Any child tests that require post-testing evaluation, such as Topic Match or Generative Answers, are left in pending state and test execution continues regardless of the criticality status. If any of the critical tests fail, the execution of the multi-turn test is halted and its result is deemed failed. If all the critical child test cases succeed, the result of multi-turn is also success.
Use noncritical child test cases to "feed" information to custom agents with generative orchestration. You can also use these test cases when the response doesn't matter and you want to build up to critical tests.
Plan Validation testing
Plan Validation focuses on tool correctness. Instead of evaluating what the agent says, this test type checks whether the expected tools were used during the plan.
When defining a Plan Validation test, you specify:
- A test utterance
- A comma-separated list of expected tools to include in the dynamic plan
- A pass threshold, which represents how much deviation to tolerate from the list
This test uses conversation transcripts and is evaluated after the actual test run as an enrichment activity.
Note the following:
Expected tools: You can include tools, actions, and connected agents in the comma-separated list. No extra white space is allowed, and order doesn't matter.
Pass Threshold %: The pass threshold specifies the required portion of expected tools that need to be in the dynamic plan for the test to succeed.
Plan validation is a deterministic test: it calculates the deviation of the actual tools from the expected tools and compares it to the pass threshold. If the deviation is within the threshold, the test passes; otherwise, it fails.

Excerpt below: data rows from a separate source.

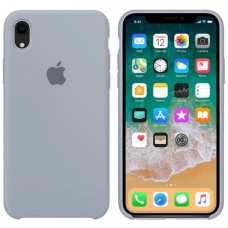 Чохол Silicone case для iPhone XR lilac cream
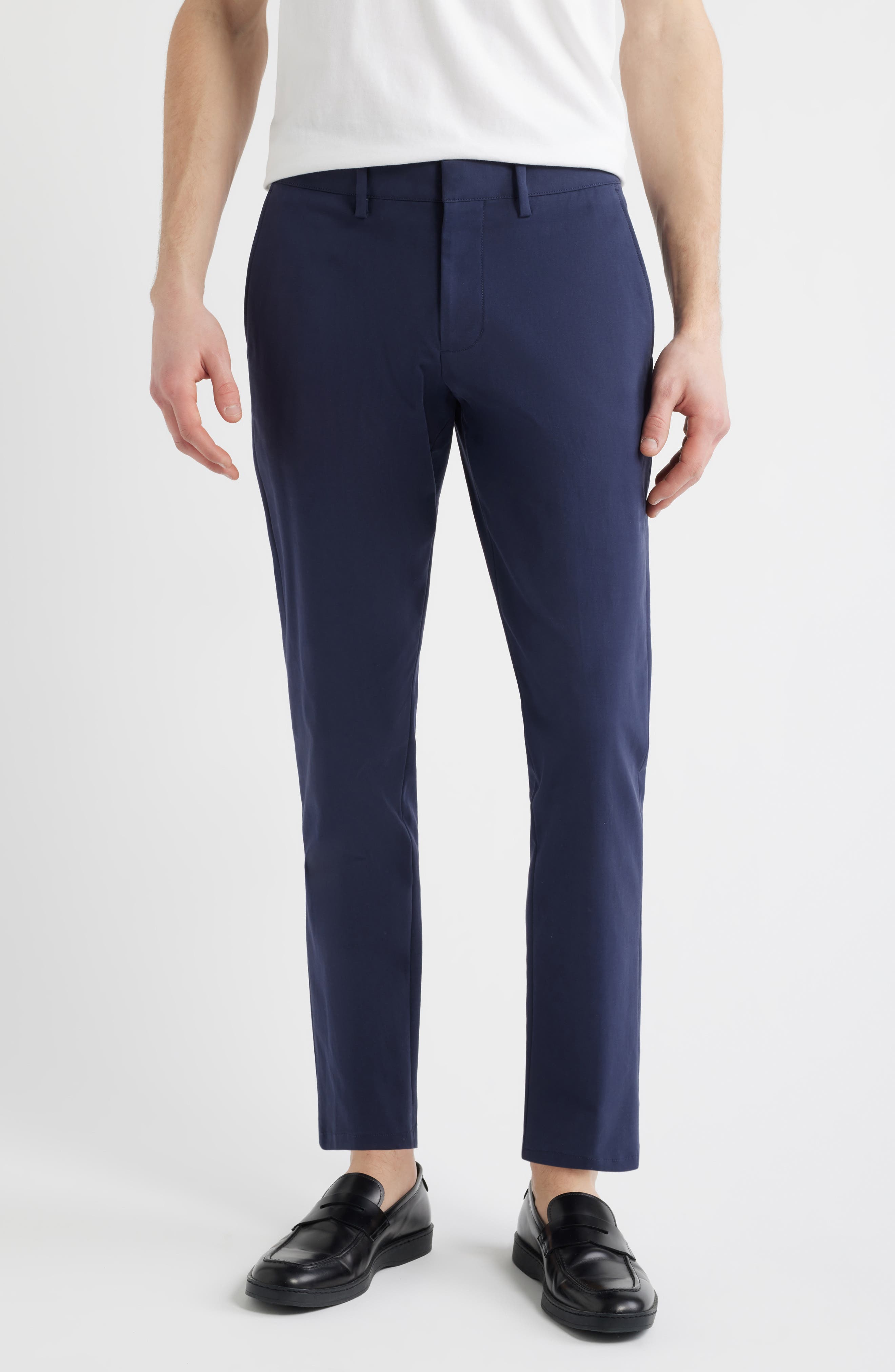 Slim Fit Stretch Cotton Chinos - image 5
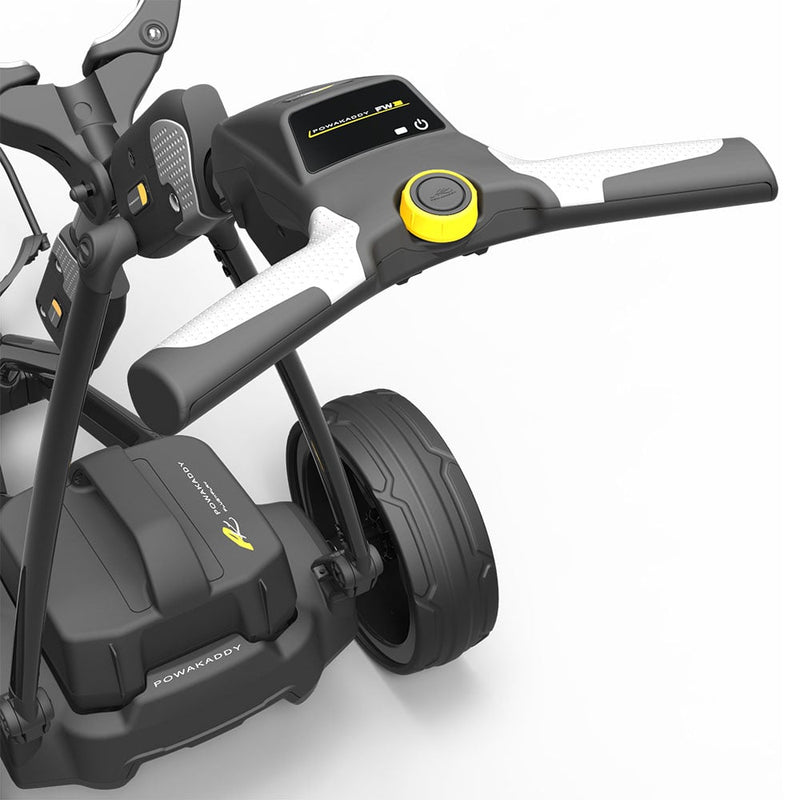 PowaKaddy FW3 Lead Acid Electric Trolley - Black - 2023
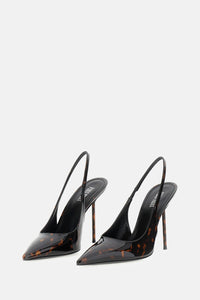 Paris Texas Paris Texas Women Lidia Slingback Glossy Patent Leather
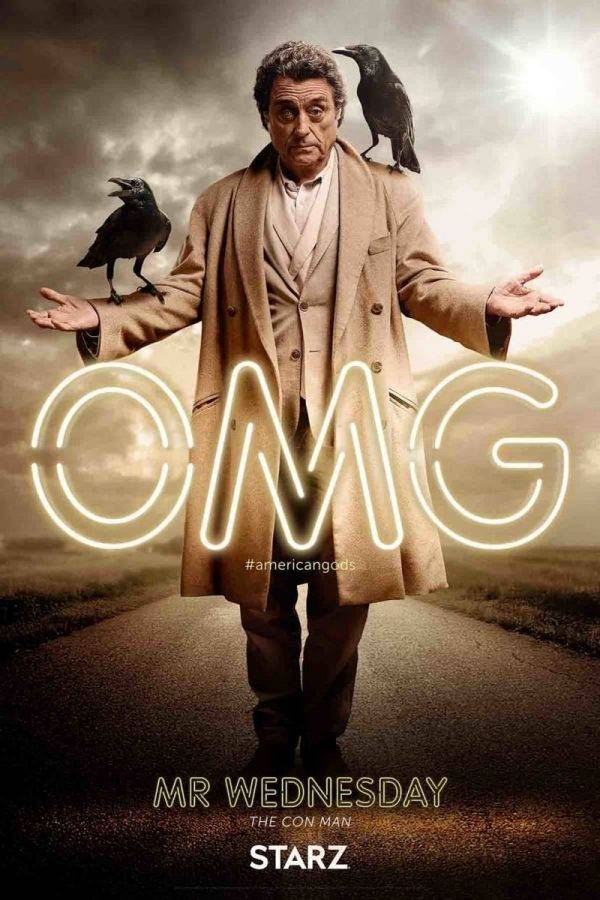 American Gods Unleashes 10 Character Posters Cbr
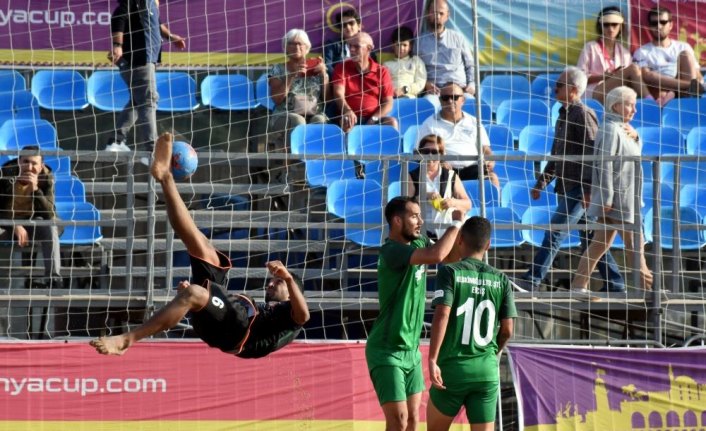 TFF Plaj Futbolu Ligi finalleri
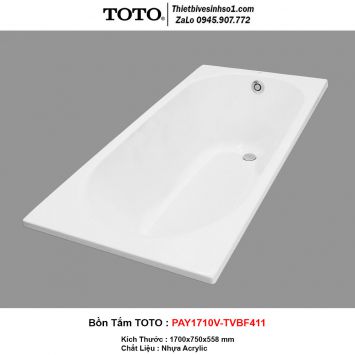 Bồn Tắm TOTO PAY1710V-TVBF411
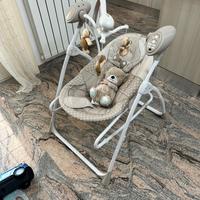 Carillon foppapedretti, sdraietta elettrica bimbi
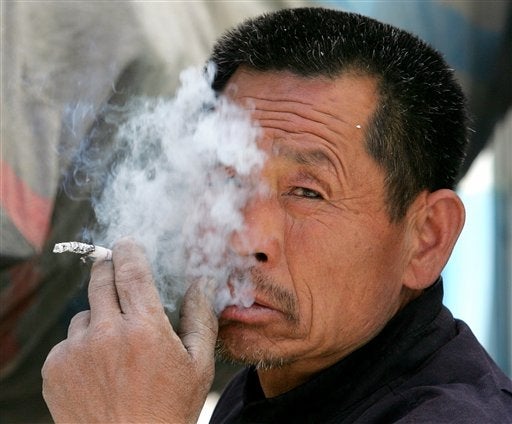 China Targets Smoking 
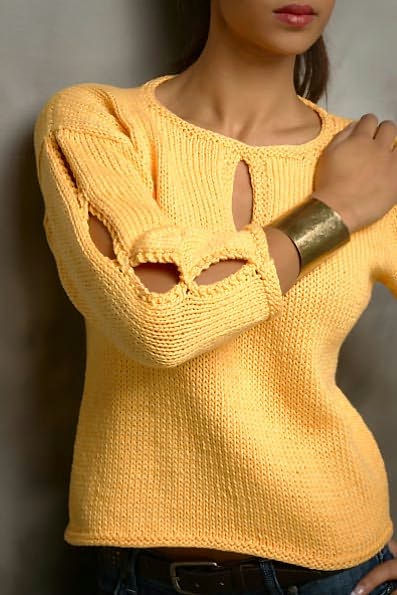 Seamless (Or Nearly Seamless) Knits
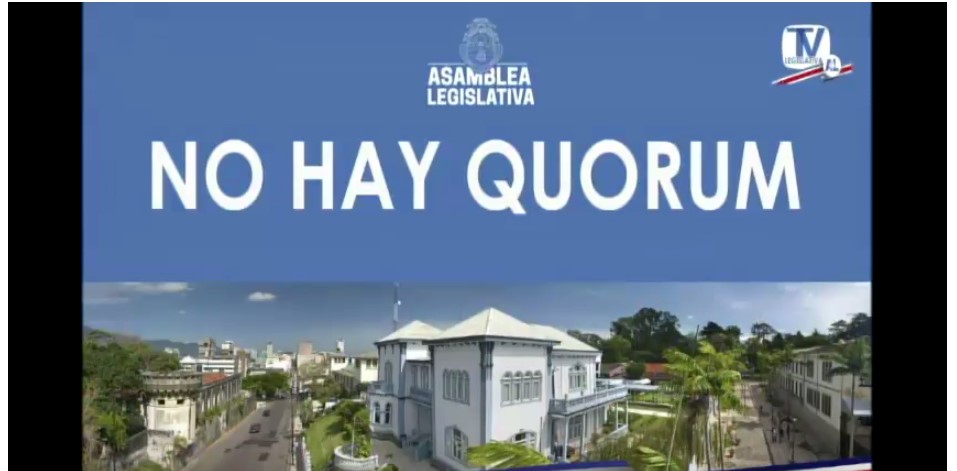 Imagen principal del artículo: La regla fiscal constitucional causa una accidentada sesión en la Asamblea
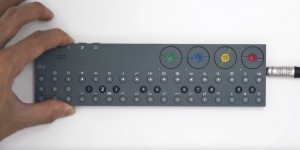 Beitragsbild des Blogbeitrags Teenage Engineering OP-Z Multimedia Synthesizer & Sequencer Sound Demo By Andrew Huang!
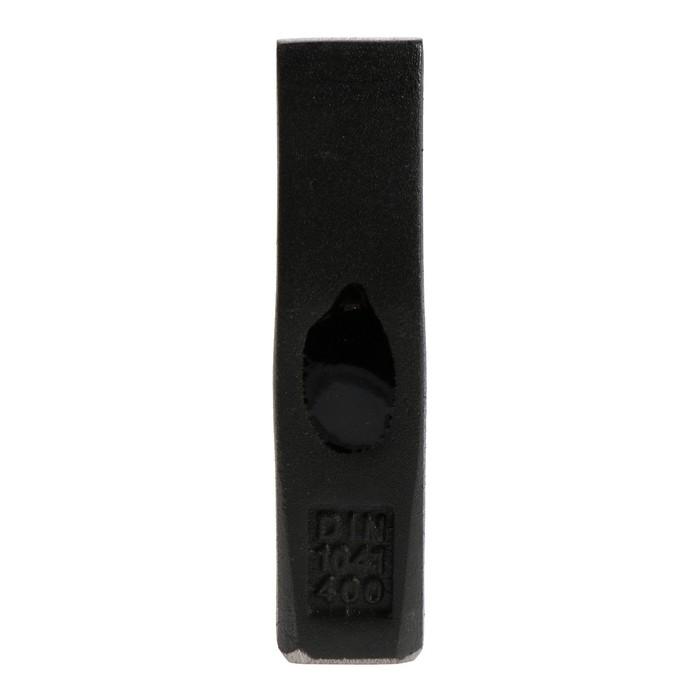 Молоток слесарный ТУНДРА ПРОФИ, квадратный боек, фиберглассовая 3К рукоятка, 400 г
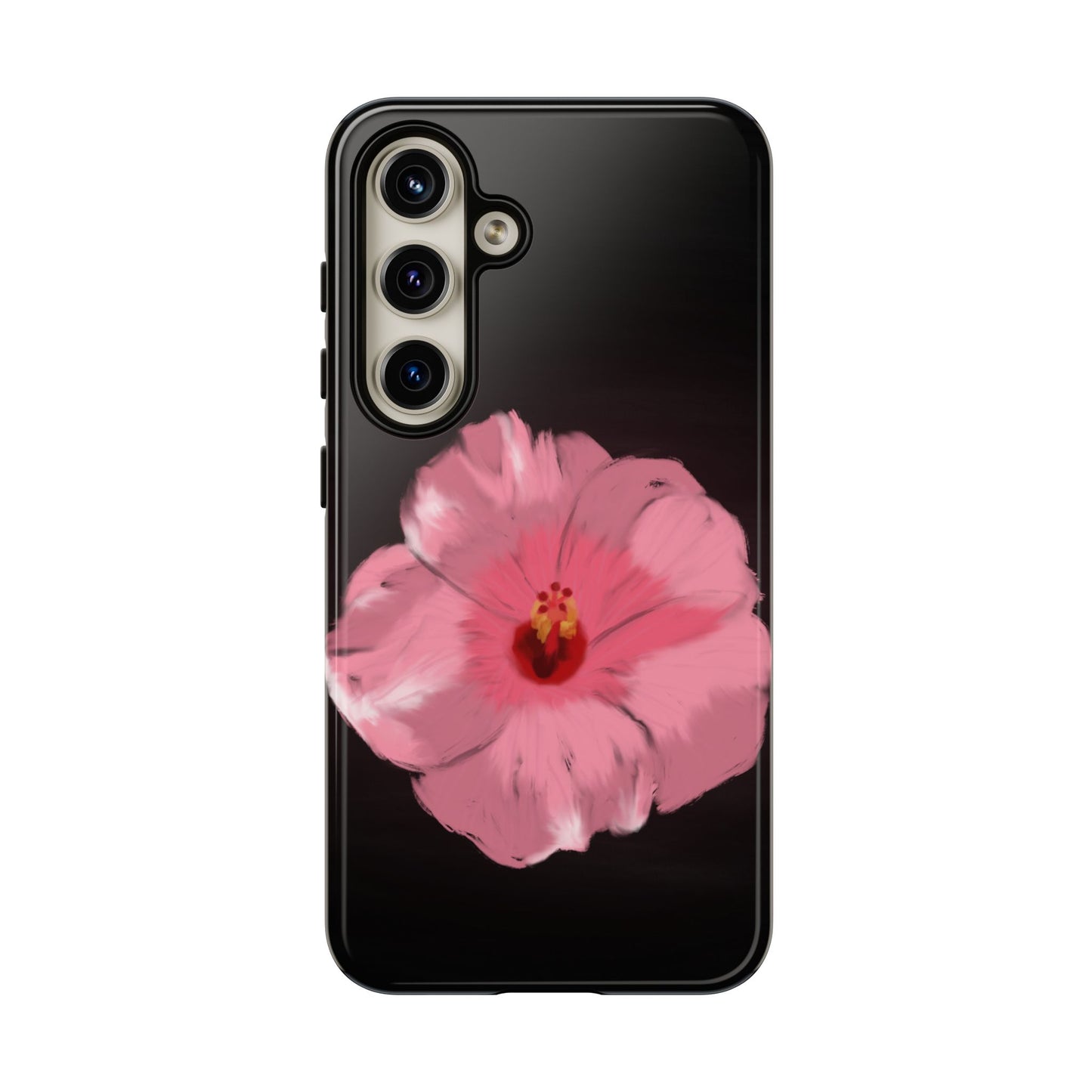 Pink Hibiscus Tough Case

Learn more: Orchestrate agent behavior with generative AI.
Use Excel to bulk create or update tests
After creating a test set, you can use Excel to bulk create or update tests.
- From your test set record, switch the subgrid view from Tests to Export/Import View.
- Select Export Agent Tests in Excel Online.
- Add and modify tests as required.
- Select Save.
If you're importing multi-turn child tests, you must first create or import the actual parent multi-turn test. Then, import the child test cases.
Learn more about Excel import and export in Power Apps model-driven apps.
Duplicate tests and test sets
You can duplicate both test sets and individual tests.
To duplicate a single test case, open the agent test record and select Duplicate Test Case. This action is useful when you create variants of a test case, such as changing the location, time, or amount.
To duplicate an entire test set, open the test set record and select Duplicate Test Set from the command bar. This action creates a copy of the test set and all its child tests.